Reaction in the Middle East to President Obama’s speech on U.S. policy toward the region ran the gamut from surprise to support to disappointment. Following are selected, edited comments from observers in some of the region's nations:

“It was not expected that Obama would criticize any of the U.S. allies, but he did so when he talked about Bahrain and called for a dialogue with the opposition while calling for the release of prisoners. Obama set a new approach toward the Middle East … opening a new chapter with the Arab world.”

                        — Hassan Sahili, student at the Lebanese University in Beirut

“Emotionally, President Obama’s rhetoric and eloquence appealed to the ears of his audience across the world. But Obama fell short of my expectations when he referred to Syrian and Bahrain authorities.

I expected him to be more serious and harsher in his criticisms of President Bashar Assad [of Syria] and Al Khalifah in Bahrain. Both these countries are run despotically and heavy handedly. Bahrain … is the U.S.A.’s ally, and Syria is not an ally of the U.S.

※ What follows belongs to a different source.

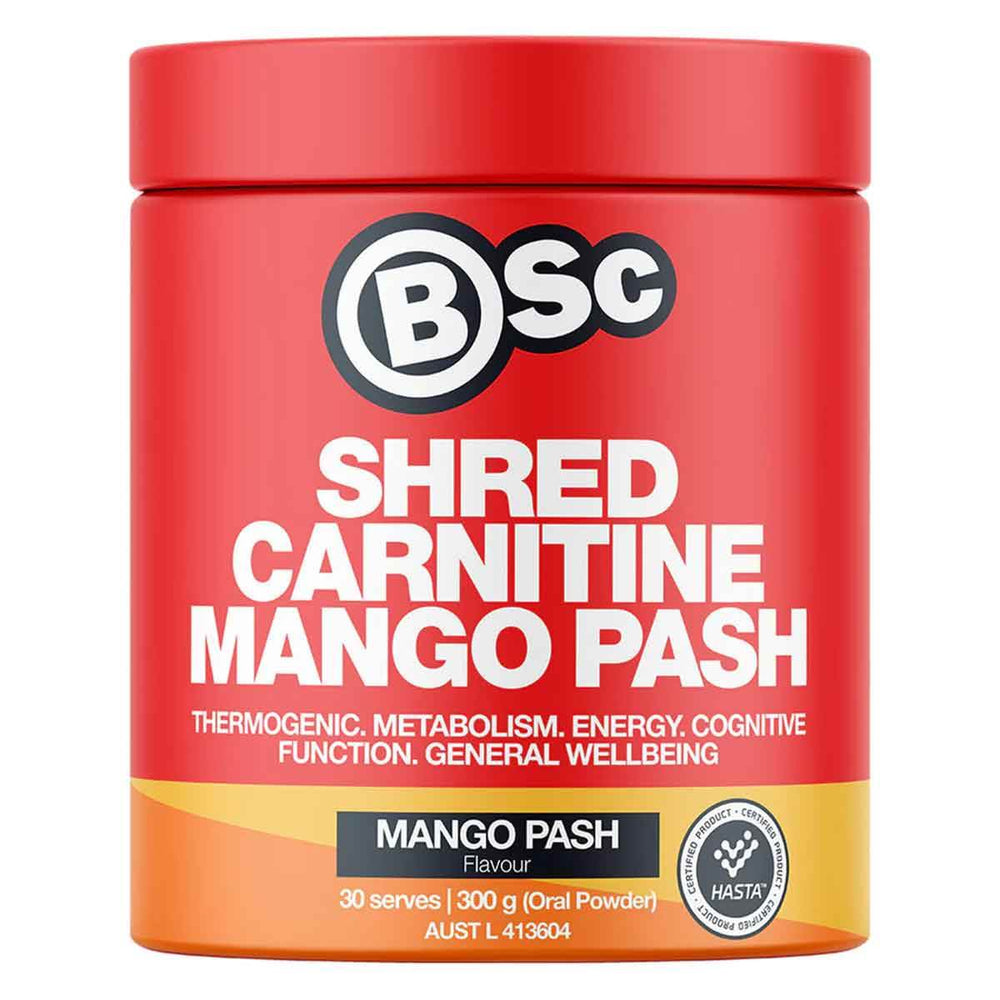 BSc Shred Carnitine - NZ Muscle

Both governments are fiercely and brutally suppressing their own people. I expected President Obama to … clearly put pressure on both governments to cave in to the demands of their own people.…

The U.S. in particular and the West in general are treating the regional countries with double standards, as the violation of human rights in Saudi Arabia and Bahrain are ignored or neglected while the human rights breaches in Iran are highlighted.

Anyway, President Obama has got a historic, golden and unprecedented opportunity to seize  his place in history … if he addresses the democracy in all countries in the region” equally.

                    — Sadegh Zibakalam, professor of political science at Tehran University 

"This very reference to Iran is an indication of Iran’s undeniable upper hand in the region in the wake of the recent insurgencies in the Arab and Islamic countries. If my premise had been wrong, Saudi Arabia and Bahrain would not have tried so much to cut the cultural and spiritual influence of Iran in the Middle East.”

        —   Dr. Ahmad Bakhshayesh, political scientist in Tehran

"I think it’s [Obama’s] dream to change the world in a peaceful way. The Middle East is very complicated. America is heavily involved.

He’s clever and smart. He achieved what previous administrations never could. He’s moving toward fundamental change. He has all means to move forward in this direction.

It’s not easy to shift from the old politics to the new politics. The new method would represent the new ideals.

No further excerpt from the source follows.